*** Block opens ***

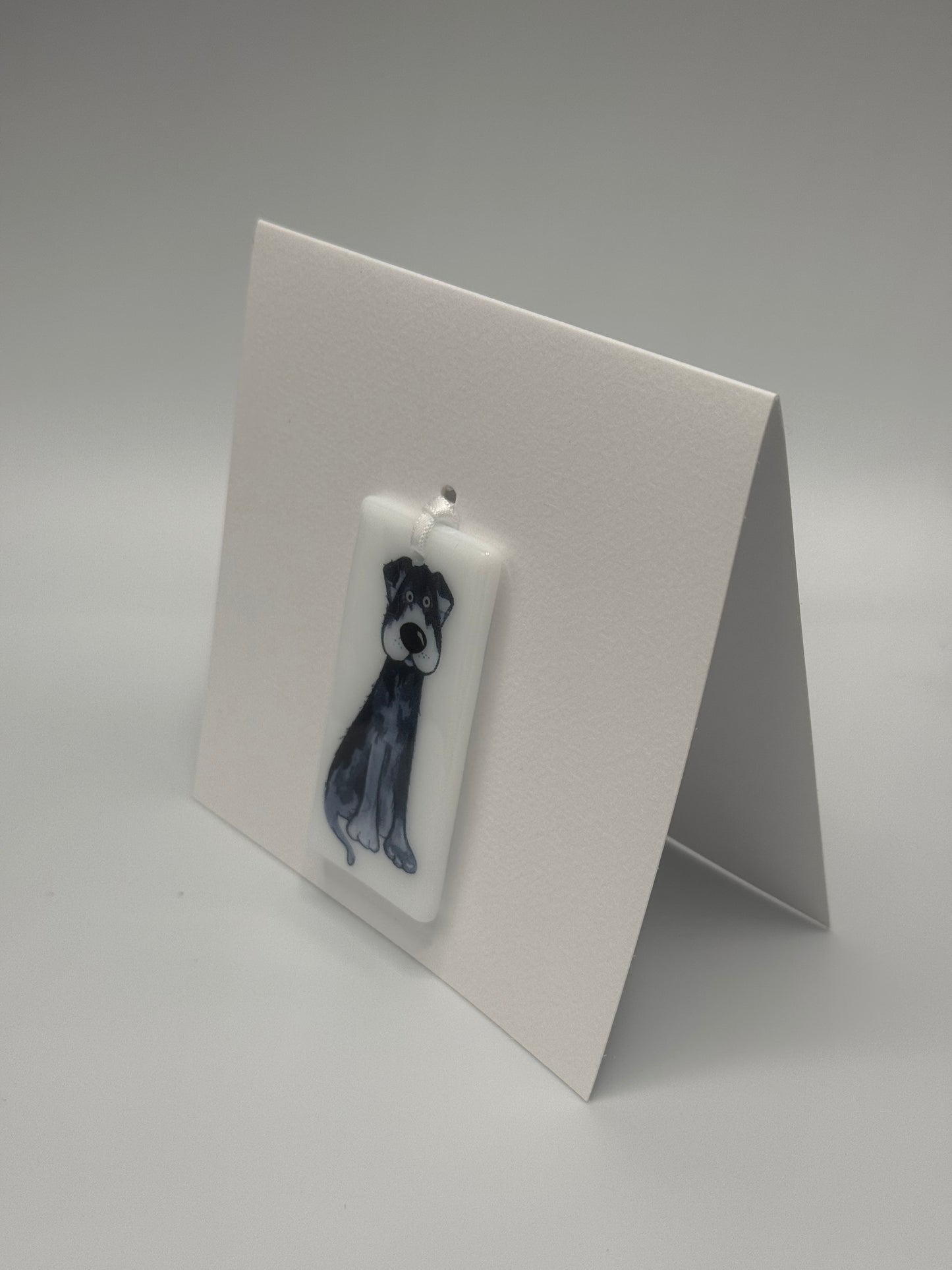 Card with a glass Dog Hanging Decoration Gift A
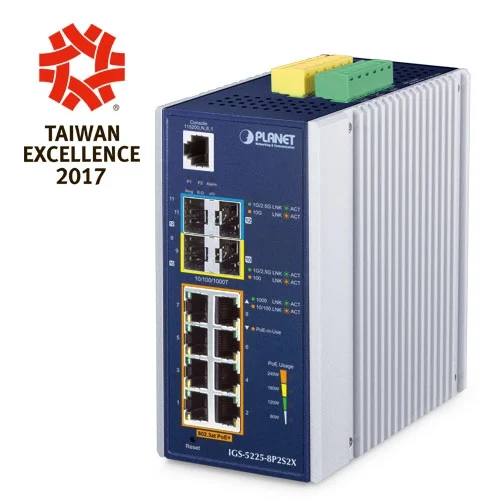 عکس نمونه سوئیچ صنعتی ۸ پورت PoE — IGS-5225-8P2S2X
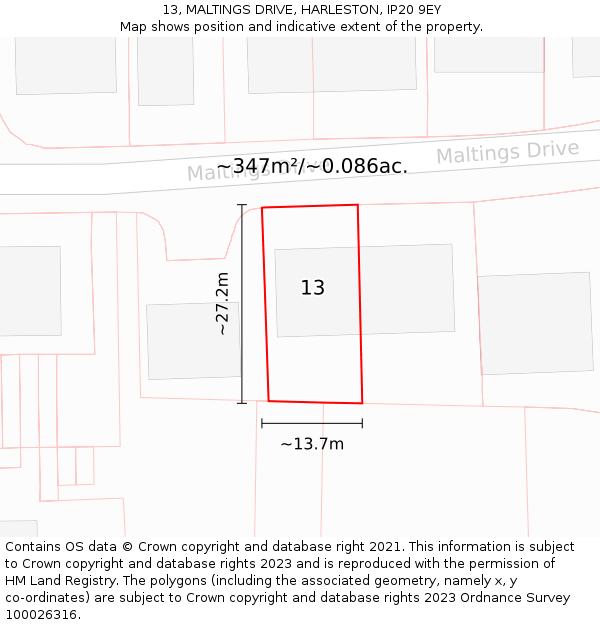 13, MALTINGS DRIVE, HARLESTON, IP20 9EY: Plot and title map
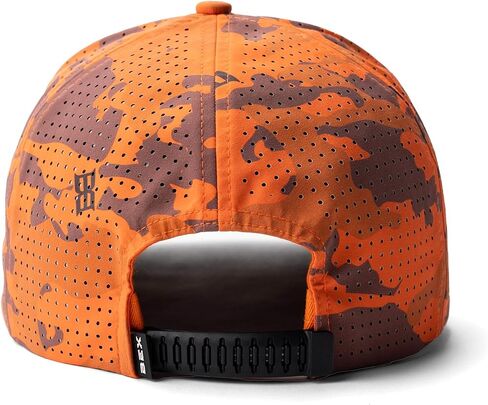 BEX Blaze Camo Trucker Hat - Blaze Orange Hunting Cap with Mesh Back | 5-Panel Snapback Baseball Cap | Breathable Perforated Panels | 3D Embroidered Logo | Adjustable Curved Bill Outdoor Hat in Saudi Arabia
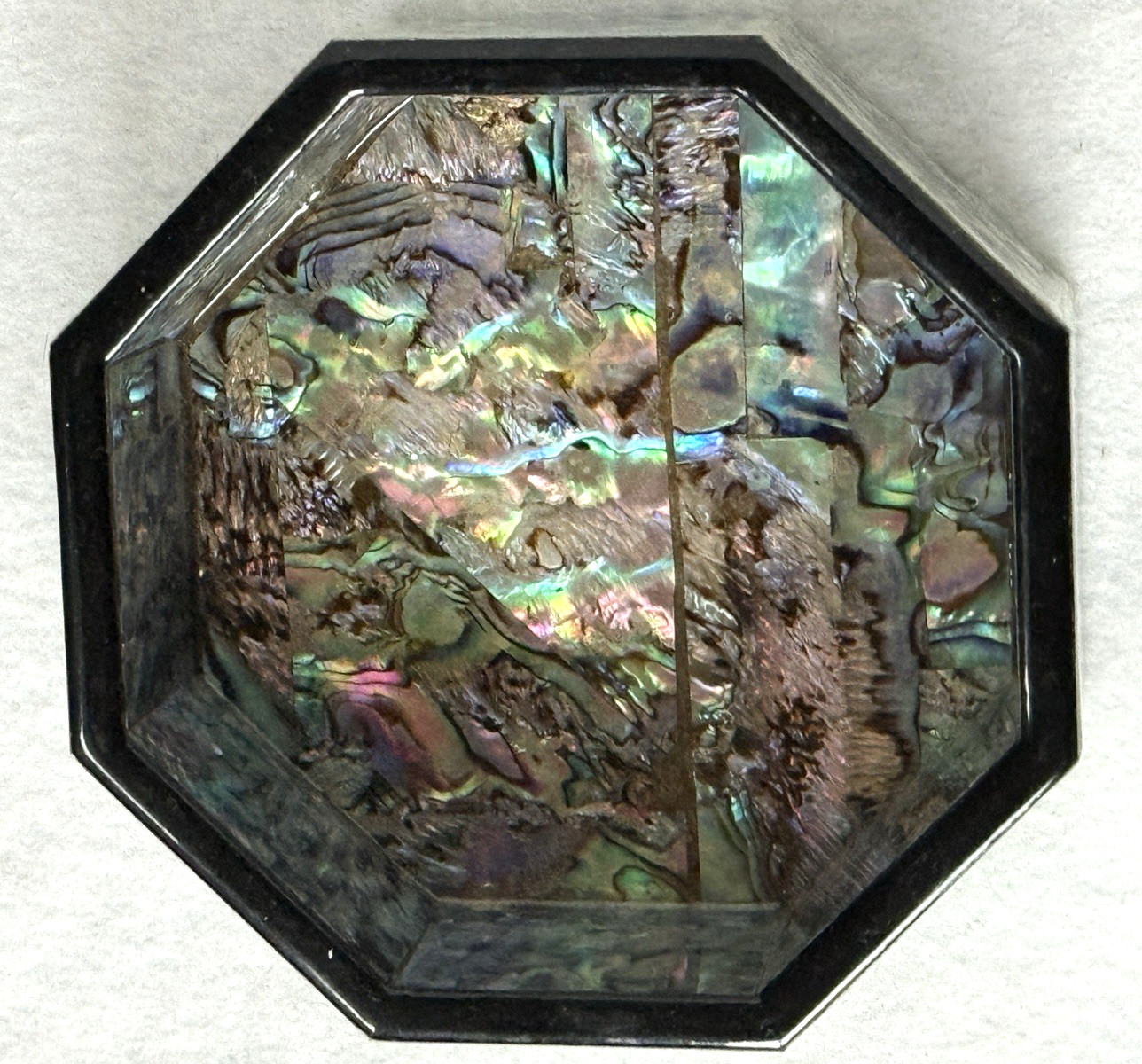 Floral ASIAN LACQUERED OCTAGON Trinket Jewelry BOX MOTHER OF PEARL INLAY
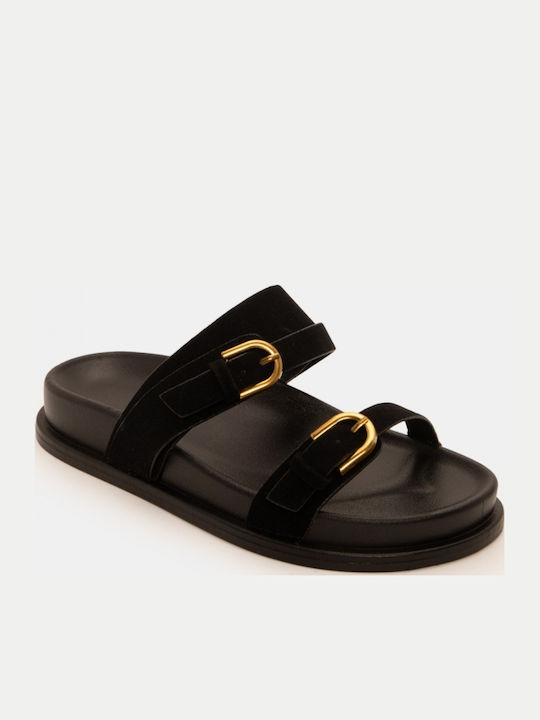 Flache Damen Sandalen Flatforms Schwarz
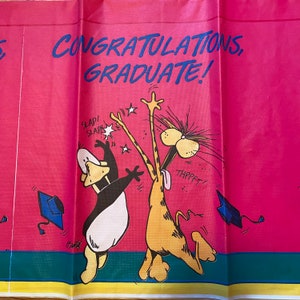 Vintage Opus and Bill Plastic &quot;Congratulations Graduate&quot; Tablecover (From 1992)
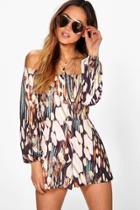 Boohoo Amy Feather Print Off The Shoulder Playsuit Multi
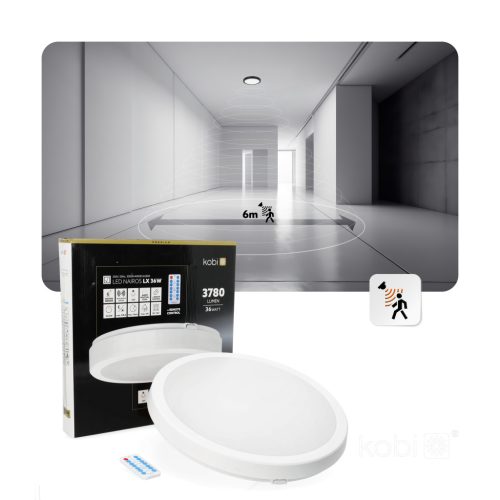 LED fürdőszobai mennyezeti lámpa, felületre szerelhető, 36W, 3780lm, 4000K, 120°, mozgás- és alkonyérzékelővel, fehér, IP65, Nairos Kobi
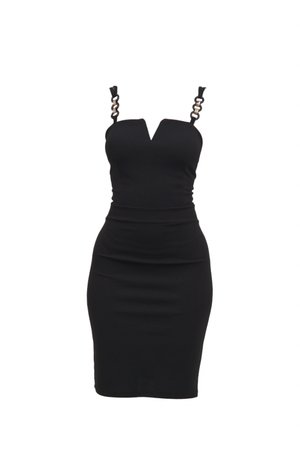 Abito nero aderente con scollatura profonda, spalline regolabili con dettagli circolari e silhouette a bodycon. Tessuto con una texture liscia.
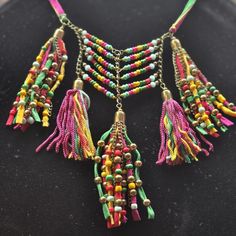 This Is A Very Beautiful Mia Necklace. Has Colorful Seed Beads On A Fabricstyle Chain. Gold Tone. Colorful Beads Jewelry For Festival Gift, Festival Jewelry With Colorful Beads As Gift, Colorful Beaded Jewelry For Festival Gift, Festival Jewelry With Colorful Beads For Gift, Multicolor Metal Beads Jewelry With Beaded Chain, Multicolor Beaded Chain Necklace With Metal Beads, Multicolor Metal Beads Chain Jewelry, Multicolor Beaded Metal Chain Jewelry, Multicolor Long Beaded Necklaces With Adjustable Chain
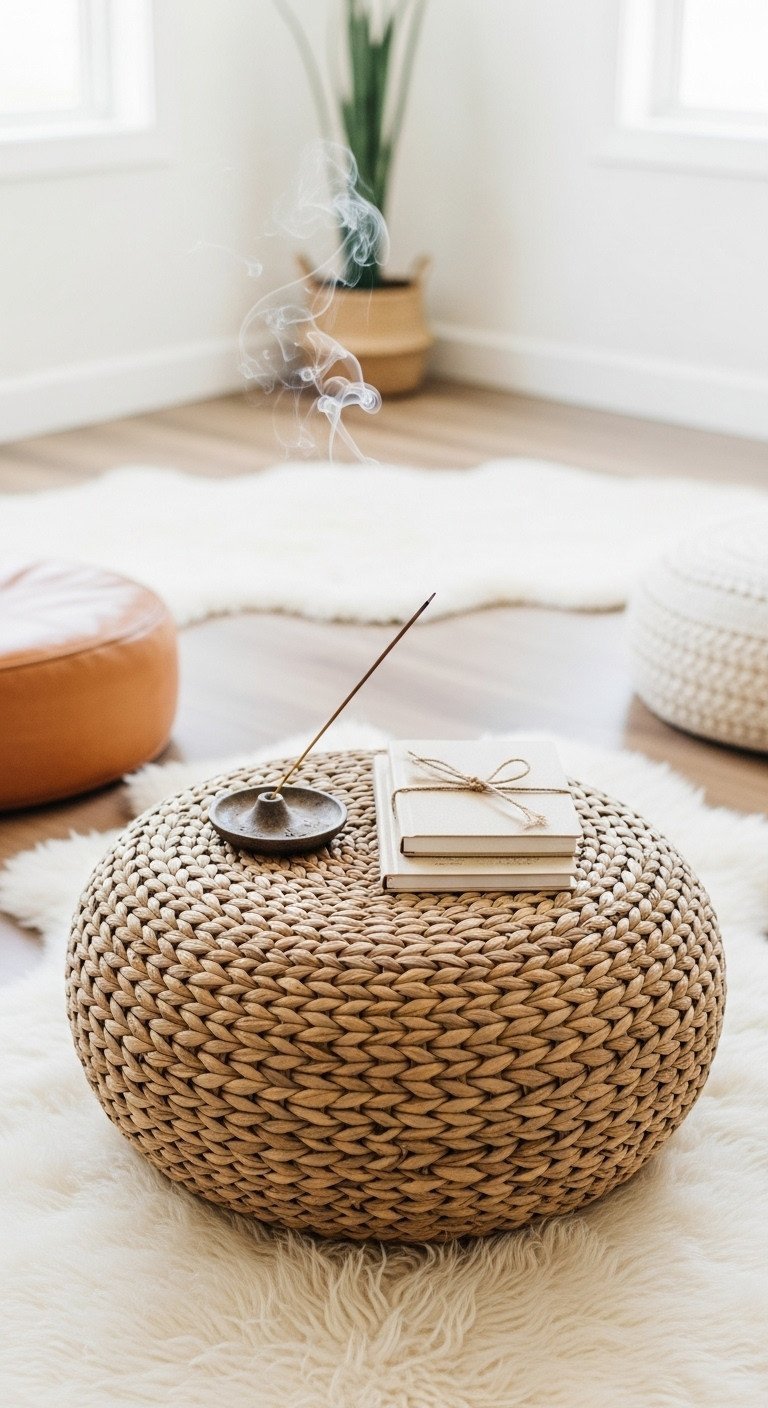 Discover 11 Genius Boho Coffee Table Ideas for Eclectic Homes 5 Round woven jute coffee table on a fluffy sheepskin rug, styled with incense holder and meditation journals in a peaceful retreat.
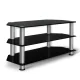 Artiss Black TV Stand with 3-Tier Tempered Glass Shelves, 1000mm x 390mm x 500mm, Supports Up to 40kg, Easy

*** Block closes ***

AIM OF THE EXERCISE: From the first line to the last, set down the records word for word and drop the images.

COMPLETED TASK:
 Card with a glass Dog Hanging Decoration Gift A
 عکس نمونه سوئیچ صنعتی ۸ پورت PoE — IGS-5225-8P2S2X
 13, MALTINGS DRIVE, HARLESTON, IP20 9EY: Plot and title map
 BEX Blaze Camo Trucker Hat - Blaze Orange Hunting Cap with Mesh Back | 5-Panel Snapback Baseball Cap | Breathable Perforated Panels | 3D Embroidered Logo | Adjustable Curved Bill Outdoor Hat in Saudi Arabia
 Floral ASIAN LACQUERED OCTAGON Trinket Jewelry BOX MOTHER OF PEARL INLAY
 Flache Damen Sandalen Flatforms Schwarz
 Vintage Opus and Bill Plastic &quot;Congratulations Graduate&quot; Tablecover (From 1992)
 Boohoo Amy Feather Print Off The Shoulder Playsuit Multi
 LED fürdőszobai mennyezeti lámpa, felületre szerelhető, 36W, 3780lm, 4000K, 120°, mozgás- és alkonyérzékelővel, fehér, IP65, Nairos Kobi
 Abito nero aderente con scollatura profonda, spalline regolabili con dettagli circolari e silhouette a bodycon. Tessuto con una texture liscia.
 This Is A Very Beautiful Mia Necklace. Has Colorful Seed Beads On A Fabricstyle Chain. Gold Tone. Colorful Beads Jewelry For Festival Gift, Festival Jewelry With Colorful Beads As Gift, Colorful Beaded Jewelry For Festival Gift, Festival Jewelry With Colorful Beads For Gift, Multicolor Metal Beads Jewelry With Beaded Chain, Multicolor Beaded Chain Necklace With Metal Beads, Multicolor Metal Beads Chain Jewelry, Multicolor Beaded Metal Chain Jewelry, Multicolor Long Beaded Necklaces With Adjustable Chain
 Discover 11 Genius Boho Coffee Table Ideas for Eclectic Homes 5 Round woven jute coffee table on a fluffy sheepskin rug, styled with incense holder and meditation journals in a peaceful retreat.
 Artiss Black TV Stand with 3-Tier Tempered Glass Shelves, 1000mm x 390mm x 500mm, Supports Up to 40kg, Easy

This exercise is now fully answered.